Assignment —
Nothing outside the stretch is wanted. Repeat exactly the lines of the listing below from the one that contains "Gaming Desk, R-Shaped, Headphone" through the one that contains "1:36 Scale Yellow-Blue", both ends included.

Data for review —

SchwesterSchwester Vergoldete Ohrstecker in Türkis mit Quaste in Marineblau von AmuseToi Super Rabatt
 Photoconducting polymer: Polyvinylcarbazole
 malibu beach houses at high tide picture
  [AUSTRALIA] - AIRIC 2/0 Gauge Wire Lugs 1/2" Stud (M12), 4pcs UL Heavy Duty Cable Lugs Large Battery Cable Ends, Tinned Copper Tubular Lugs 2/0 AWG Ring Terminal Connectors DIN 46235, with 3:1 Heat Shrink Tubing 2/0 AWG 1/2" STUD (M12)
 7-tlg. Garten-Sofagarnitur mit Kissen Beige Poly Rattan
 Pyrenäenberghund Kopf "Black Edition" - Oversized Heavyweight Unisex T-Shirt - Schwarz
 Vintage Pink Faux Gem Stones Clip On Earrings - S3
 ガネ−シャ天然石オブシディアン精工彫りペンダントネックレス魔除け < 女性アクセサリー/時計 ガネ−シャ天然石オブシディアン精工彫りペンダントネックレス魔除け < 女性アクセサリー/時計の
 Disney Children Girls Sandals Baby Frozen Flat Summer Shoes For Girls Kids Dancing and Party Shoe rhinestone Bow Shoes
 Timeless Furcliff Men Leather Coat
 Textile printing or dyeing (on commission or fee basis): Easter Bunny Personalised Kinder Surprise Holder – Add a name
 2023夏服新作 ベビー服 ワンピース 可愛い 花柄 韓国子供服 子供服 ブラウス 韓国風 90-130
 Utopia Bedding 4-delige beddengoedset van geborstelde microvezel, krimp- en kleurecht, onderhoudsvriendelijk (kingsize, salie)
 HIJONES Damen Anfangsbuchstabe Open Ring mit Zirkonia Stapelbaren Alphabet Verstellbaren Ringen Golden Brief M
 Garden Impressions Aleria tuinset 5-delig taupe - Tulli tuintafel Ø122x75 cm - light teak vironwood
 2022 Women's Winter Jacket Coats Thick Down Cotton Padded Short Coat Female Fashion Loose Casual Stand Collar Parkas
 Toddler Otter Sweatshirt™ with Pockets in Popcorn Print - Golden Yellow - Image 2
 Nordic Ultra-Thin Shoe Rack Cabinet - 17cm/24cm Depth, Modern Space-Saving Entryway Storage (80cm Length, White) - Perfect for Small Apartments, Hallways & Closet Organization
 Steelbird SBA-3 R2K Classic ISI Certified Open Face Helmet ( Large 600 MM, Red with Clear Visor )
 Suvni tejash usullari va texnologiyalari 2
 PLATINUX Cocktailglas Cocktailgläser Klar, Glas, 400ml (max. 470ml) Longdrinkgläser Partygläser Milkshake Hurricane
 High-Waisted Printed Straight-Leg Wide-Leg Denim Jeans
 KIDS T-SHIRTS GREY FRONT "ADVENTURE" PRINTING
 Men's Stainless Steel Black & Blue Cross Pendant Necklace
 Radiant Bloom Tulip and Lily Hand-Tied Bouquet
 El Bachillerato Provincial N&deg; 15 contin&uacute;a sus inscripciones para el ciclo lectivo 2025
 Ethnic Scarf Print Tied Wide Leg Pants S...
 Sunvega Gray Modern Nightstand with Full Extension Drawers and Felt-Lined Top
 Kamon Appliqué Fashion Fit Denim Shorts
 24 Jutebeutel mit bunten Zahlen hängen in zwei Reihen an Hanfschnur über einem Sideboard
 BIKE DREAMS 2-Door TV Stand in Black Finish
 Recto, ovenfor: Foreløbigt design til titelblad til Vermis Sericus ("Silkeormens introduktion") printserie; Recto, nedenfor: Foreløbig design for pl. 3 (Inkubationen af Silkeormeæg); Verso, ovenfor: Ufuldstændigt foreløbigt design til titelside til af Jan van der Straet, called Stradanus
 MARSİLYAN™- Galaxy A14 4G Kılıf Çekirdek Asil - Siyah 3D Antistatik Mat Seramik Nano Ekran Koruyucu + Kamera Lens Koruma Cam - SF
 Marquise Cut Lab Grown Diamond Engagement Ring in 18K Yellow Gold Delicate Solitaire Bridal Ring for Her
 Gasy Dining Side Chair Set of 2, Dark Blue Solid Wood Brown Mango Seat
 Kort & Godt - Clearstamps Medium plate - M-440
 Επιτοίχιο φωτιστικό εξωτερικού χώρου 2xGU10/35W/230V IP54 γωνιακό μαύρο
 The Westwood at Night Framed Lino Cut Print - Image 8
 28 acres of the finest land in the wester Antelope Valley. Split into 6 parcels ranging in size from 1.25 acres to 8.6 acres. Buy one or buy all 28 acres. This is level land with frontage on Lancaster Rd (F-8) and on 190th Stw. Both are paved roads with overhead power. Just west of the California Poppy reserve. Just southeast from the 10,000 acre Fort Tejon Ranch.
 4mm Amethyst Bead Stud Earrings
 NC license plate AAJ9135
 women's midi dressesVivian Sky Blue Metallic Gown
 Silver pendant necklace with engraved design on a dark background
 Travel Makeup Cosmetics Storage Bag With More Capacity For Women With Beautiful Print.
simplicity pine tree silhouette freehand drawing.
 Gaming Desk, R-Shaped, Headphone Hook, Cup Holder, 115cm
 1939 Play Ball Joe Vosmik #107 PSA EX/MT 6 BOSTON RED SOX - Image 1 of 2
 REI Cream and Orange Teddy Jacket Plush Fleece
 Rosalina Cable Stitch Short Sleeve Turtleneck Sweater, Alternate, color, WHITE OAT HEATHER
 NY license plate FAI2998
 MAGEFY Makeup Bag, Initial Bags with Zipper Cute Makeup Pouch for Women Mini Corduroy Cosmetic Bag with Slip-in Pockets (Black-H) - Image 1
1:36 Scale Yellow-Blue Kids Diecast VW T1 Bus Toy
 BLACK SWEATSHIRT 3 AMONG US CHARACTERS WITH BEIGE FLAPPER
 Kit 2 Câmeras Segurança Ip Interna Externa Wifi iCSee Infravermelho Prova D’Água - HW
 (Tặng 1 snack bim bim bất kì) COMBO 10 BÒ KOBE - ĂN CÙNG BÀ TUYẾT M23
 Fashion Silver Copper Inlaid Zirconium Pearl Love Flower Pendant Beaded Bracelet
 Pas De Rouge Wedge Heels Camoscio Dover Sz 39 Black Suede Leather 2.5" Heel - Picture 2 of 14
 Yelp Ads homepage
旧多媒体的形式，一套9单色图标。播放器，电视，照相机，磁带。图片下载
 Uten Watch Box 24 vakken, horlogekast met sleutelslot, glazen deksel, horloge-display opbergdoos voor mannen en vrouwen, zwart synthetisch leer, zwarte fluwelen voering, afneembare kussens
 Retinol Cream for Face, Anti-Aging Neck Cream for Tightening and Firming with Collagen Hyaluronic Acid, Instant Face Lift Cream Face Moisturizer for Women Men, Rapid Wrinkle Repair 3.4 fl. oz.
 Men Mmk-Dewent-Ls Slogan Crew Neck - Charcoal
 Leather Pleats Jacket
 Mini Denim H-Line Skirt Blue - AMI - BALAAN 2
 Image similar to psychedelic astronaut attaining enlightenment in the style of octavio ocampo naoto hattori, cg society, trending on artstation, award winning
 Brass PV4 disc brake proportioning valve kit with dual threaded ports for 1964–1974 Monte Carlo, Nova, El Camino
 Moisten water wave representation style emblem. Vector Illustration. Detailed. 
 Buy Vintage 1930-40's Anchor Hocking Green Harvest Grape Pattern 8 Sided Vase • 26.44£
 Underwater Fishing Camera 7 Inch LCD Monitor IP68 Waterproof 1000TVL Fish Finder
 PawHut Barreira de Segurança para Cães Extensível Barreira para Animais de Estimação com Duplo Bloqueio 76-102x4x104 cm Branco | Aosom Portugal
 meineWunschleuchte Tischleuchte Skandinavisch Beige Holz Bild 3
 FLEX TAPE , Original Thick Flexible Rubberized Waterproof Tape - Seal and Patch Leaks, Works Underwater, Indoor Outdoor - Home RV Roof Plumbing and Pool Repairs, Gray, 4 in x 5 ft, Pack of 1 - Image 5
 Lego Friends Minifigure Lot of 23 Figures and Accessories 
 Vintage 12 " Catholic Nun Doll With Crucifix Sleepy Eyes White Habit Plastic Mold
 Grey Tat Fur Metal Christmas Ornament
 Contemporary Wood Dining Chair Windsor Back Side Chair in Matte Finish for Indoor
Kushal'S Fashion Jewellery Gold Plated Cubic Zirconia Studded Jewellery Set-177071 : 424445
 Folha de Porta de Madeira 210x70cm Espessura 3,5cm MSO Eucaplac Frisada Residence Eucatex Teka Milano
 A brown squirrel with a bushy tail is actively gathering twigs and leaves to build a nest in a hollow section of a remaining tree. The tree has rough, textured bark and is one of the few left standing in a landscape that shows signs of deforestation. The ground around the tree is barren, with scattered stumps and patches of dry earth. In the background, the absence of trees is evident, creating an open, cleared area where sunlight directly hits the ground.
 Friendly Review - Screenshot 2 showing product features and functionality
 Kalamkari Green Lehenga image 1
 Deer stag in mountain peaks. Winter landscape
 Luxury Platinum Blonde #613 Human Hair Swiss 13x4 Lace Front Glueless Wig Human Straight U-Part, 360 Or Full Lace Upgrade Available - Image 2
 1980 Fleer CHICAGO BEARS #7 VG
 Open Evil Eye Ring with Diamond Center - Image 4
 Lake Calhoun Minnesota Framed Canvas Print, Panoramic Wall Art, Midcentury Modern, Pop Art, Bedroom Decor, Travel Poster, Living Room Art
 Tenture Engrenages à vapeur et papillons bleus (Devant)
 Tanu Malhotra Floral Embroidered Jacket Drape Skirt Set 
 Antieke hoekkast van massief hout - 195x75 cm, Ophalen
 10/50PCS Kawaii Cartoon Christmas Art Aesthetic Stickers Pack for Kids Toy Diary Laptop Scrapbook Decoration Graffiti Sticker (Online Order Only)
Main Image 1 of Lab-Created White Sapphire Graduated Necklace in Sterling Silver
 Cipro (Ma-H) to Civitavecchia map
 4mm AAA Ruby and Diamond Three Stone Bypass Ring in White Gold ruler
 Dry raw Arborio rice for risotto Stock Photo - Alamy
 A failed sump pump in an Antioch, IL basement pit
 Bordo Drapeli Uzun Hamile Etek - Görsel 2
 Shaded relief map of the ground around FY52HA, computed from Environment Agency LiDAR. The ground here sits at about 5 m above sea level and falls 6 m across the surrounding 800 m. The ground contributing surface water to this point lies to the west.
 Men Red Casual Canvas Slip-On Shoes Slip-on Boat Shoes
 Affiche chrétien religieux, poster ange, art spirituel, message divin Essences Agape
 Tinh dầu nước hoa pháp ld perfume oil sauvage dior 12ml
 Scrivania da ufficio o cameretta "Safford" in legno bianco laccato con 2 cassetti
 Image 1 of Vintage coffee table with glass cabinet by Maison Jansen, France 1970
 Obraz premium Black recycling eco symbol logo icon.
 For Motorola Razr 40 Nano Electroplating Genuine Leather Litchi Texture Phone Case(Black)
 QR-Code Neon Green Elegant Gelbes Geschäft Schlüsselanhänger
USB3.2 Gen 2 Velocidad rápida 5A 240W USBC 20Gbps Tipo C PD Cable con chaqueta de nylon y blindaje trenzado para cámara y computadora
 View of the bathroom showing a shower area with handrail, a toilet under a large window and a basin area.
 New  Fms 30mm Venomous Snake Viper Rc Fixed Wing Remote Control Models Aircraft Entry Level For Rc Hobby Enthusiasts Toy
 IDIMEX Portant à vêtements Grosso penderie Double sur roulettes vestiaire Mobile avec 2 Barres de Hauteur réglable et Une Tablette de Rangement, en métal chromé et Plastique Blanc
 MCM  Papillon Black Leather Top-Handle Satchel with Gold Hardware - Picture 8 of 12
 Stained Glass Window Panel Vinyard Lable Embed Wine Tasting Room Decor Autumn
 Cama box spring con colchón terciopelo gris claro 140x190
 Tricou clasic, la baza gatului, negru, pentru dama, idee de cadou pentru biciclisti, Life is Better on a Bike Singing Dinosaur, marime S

Worked solution —
 Gaming Desk, R-Shaped, Headphone Hook, Cup Holder, 115cm
 1939 Play Ball Joe Vosmik #107 PSA EX/MT 6 BOSTON RED SOX - Image 1 of 2
 REI Cream and Orange Teddy Jacket Plush Fleece
 Rosalina Cable Stitch Short Sleeve Turtleneck Sweater, Alternate, color, WHITE OAT HEATHER
 NY license plate FAI2998
 MAGEFY Makeup Bag, Initial Bags with Zipper Cute Makeup Pouch for Women Mini Corduroy Cosmetic Bag with Slip-in Pockets (Black-H) - Image 1
1:36 Scale Yellow-Blue Kids Diecast VW T1 Bus Toy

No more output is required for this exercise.